Decades ago, the way you kept up with the comings and goings of your money involved monthly mailed bank statements and a physical checkbook. Now, you can log in to a mobile banking app or use another app, like Mint, to see your various financial accounts in one portal. For the experience to work, however, you have to share the keys to your most important digital portal — your bank account — so the app can grab your data. It’s known as screen scraping, and it reveals all the information in your bank account to another company. It has been compared to handing your car keys to a perfect stranger.

Over the years, numerous banks have been accused of blocking companies from collecting your data when you wish to share it with them. Fintech companies have argued that financial institutions are anti-competitive, while banks have said they are just trying to protect their customers from a practice that is not only a security risk but laced with liability issues yet to be ironed out when there is a data breach.

In more recent years, banks and fintech companies have softened the dynamics by forming partnerships to make the data-sharing practice safer in the absence of regulation.
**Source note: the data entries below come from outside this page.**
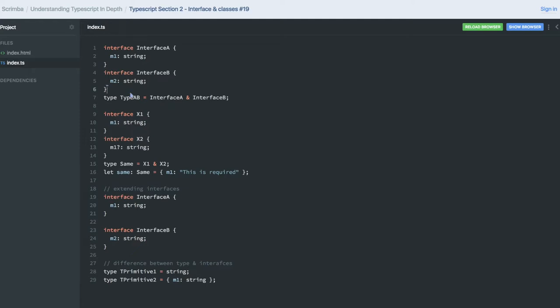Okay, so this is a quick recap before we are moving further with the classes. Here we created two interfaces, interface A and B, and did an intersection, so I created a new type.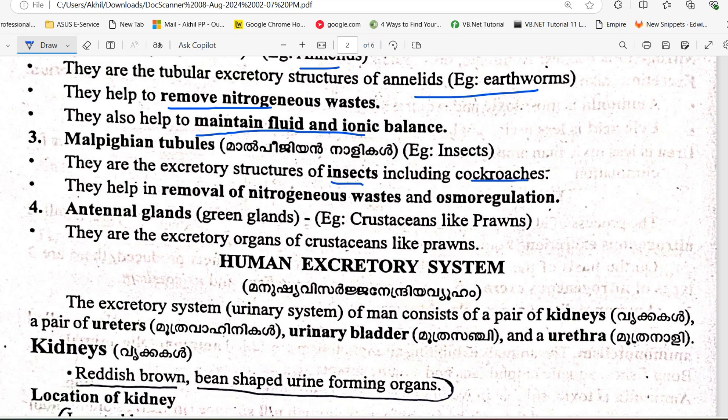In the case of insects, including cockroaches, the Malpighian tubules are the excretory structure. They carry out osmoregulation and nitrogenous waste removal.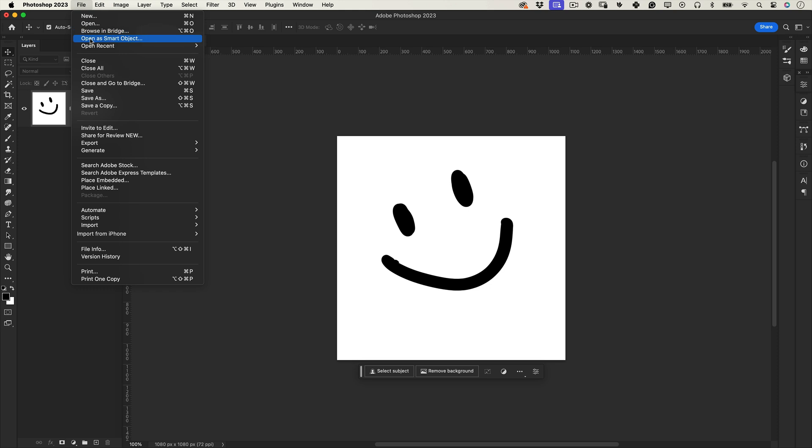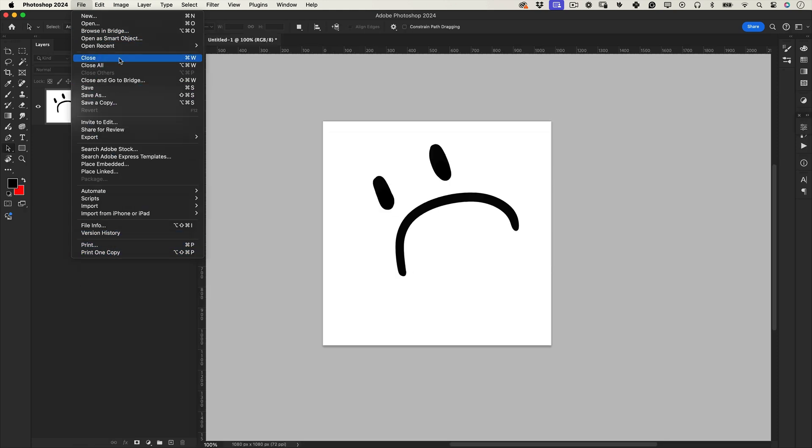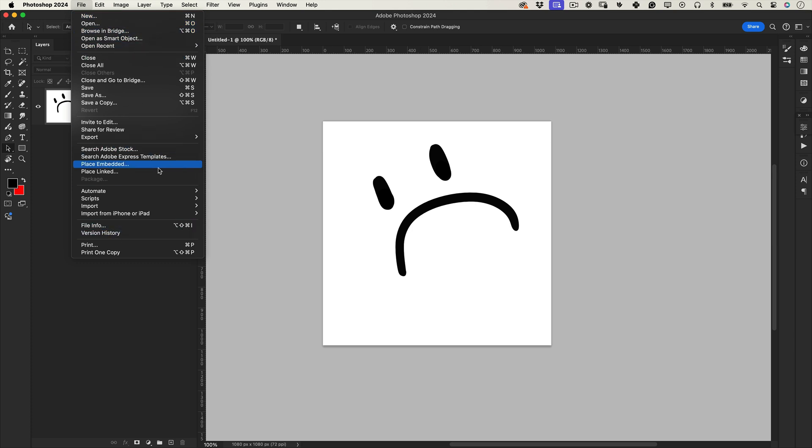Hey everyone, welcome back. If you've been using Photoshop's image generator, you might have noticed it's missing after the latest update. Don't worry, Adobe didn't remove it, they just moved it. I'm here to show you where to find it.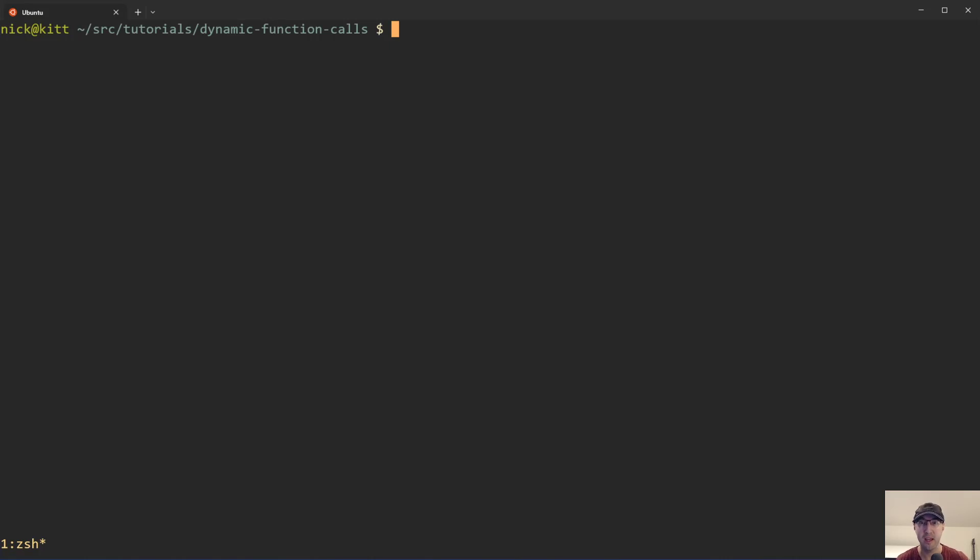Hey there, Nick Jatakis here. In this video, we're going to go over how to dynamically call a function in a shell script. This will be POSIX compliant, so it will work with regular shell as well as bash.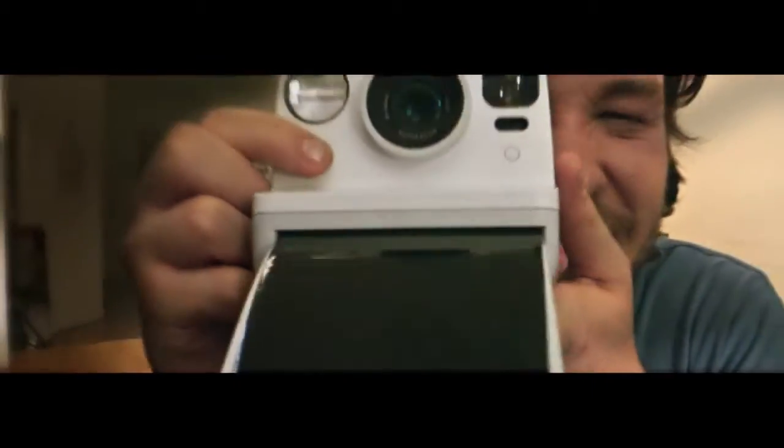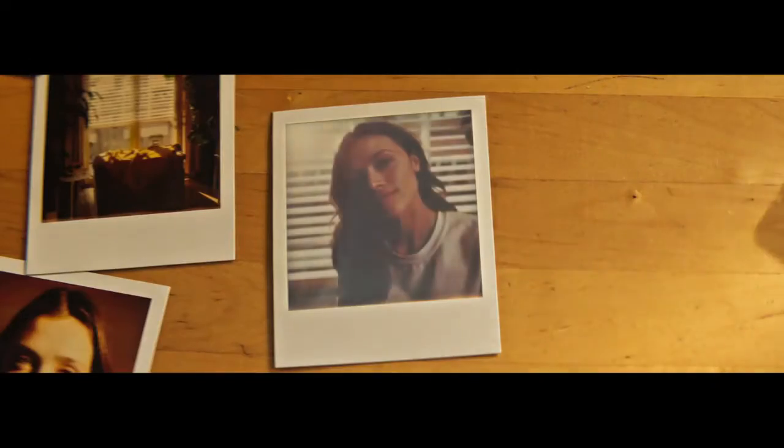The image comes to life as the dyes activate, painting a photograph right before our eyes.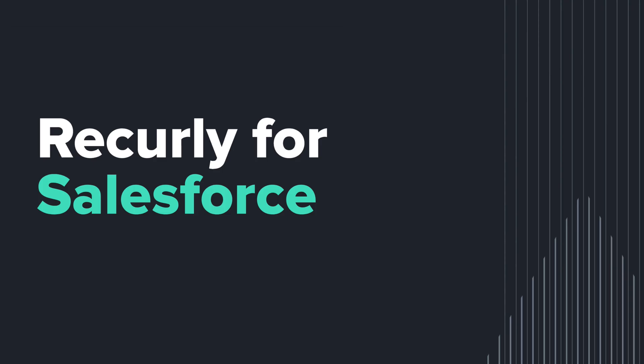Hi everyone, today I'll be walking you through the demo of Recurly for Salesforce integration. We'll learn about the key functionality and benefits it can bring to your business.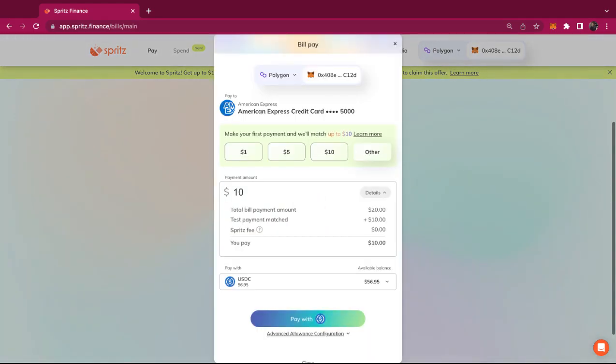Since this is my first payment, I can get my payment matched up to $10. I can select from a pre-set list of payment options or select other to make a larger payment.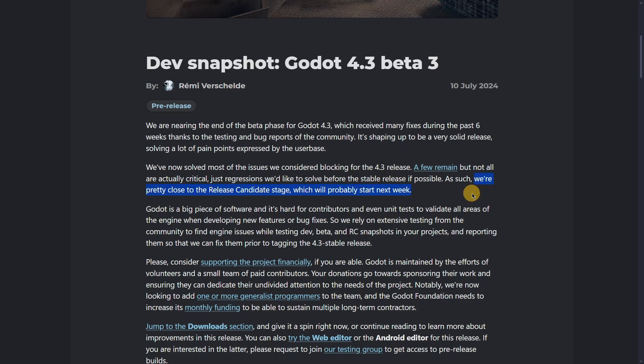First of all, they're saying in the second paragraph that most of the important issues have already been fixed. What's still left to be solved isn't crucial or critical, so they're planning to release their release candidates next week. They'll start with the RC versions next week, so maybe by Thursday or Friday we should have the first release candidate of Godot 4.3, which is amazing.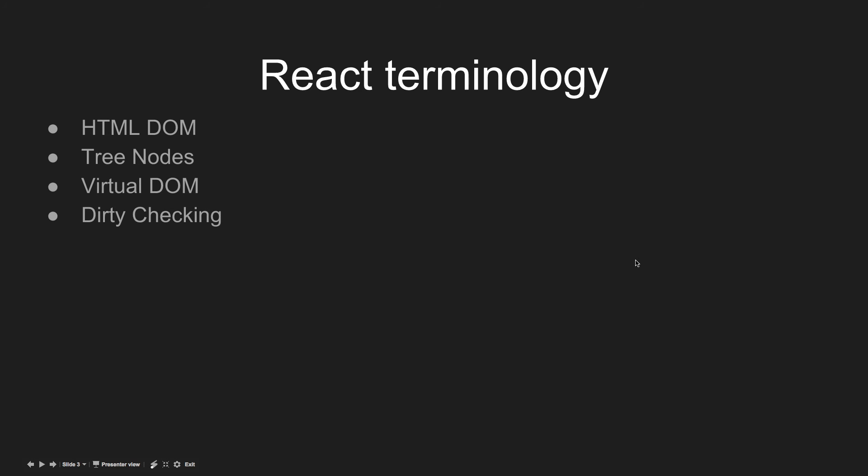Another thing that we're going to be covering is a little bit of React terminology. In getting used to the words and phrases that are used inside the React documentation and other videos, it's going to make it a lot easier for you to learn. A couple key things to notice while you are watching this video is the HTML DOM, tree nodes, virtual DOM, and dirty checking. We're going to be going over each one of those, mostly HTML DOM and virtual DOM, because why you should use React has a lot to do with the theory behind how it works.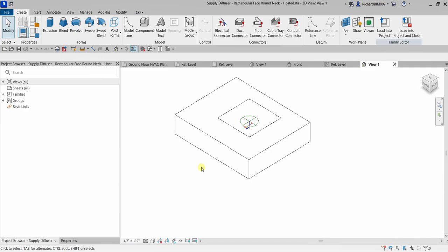Be aware that when using ceiling-hosted families, the ceiling must be in the same model as the component — it will not work when the host is in a linked model. For this reason, face-based is typically the best option for MEP components. Personally, I prefer a non-hosted family over a face-based family.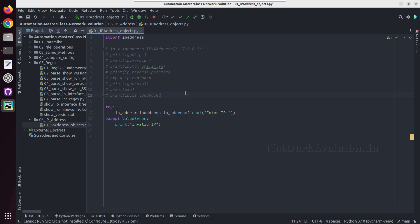And if I give a valid IP, so this will accept the data. These are some of the basic operations of IP address module. In the next section we will continue with IP network.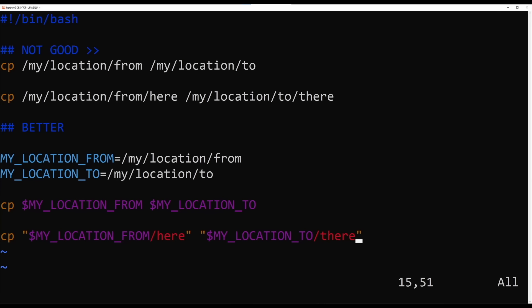To understand what variables do in bash, have a look at this script. You have a classic example of a copy command where we copy something from one location to another. Underneath that we have the same location paths typed out twice — this is something you want to avoid as much as you can. A better option is to define a location path in a variable called 'my_location_from' — or shorter, 'loc_from'. You could have a very long path stored in a variable and reuse that variable over and over again.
But there is still heated discussion about whether financial institutions are sharing enough data in the newer data-sharing model.

What are the possibilities with open banking?

Open banking is meant to let you share your data in a safer and more reliable way than handing over your bank login and password to a third-party app — including another bank app. It’s behind the scenes, so you likely won’t notice anything when you log in to an app to pay back a friend or to make an investment.

“The customer doesn’t do anything different,” says Don Cardinal, a managing director at the Financial Data Exchange (FDX), an industry consortium of financial institutions, fintechs, data aggregators and other stakeholders. “You still have an app on the phone. …What’s different is it is a lot safer in that you aren’t over permissioning data and you aren’t sharing credentials to anybody.”

The ability to easily share your financial data with other companies is expected to spark more innovation in all areas of personal finance. For example, it could help a wider audience secure a loan by crunching their transaction histories to underwrite their credit risk when their traditional credit score might have denied them credit otherwise (such is the case with Experian Boost). It could also make the mortgage application process take considerably less time by using data to digitally verify an applicant’s bank account assets and pre-filling in information.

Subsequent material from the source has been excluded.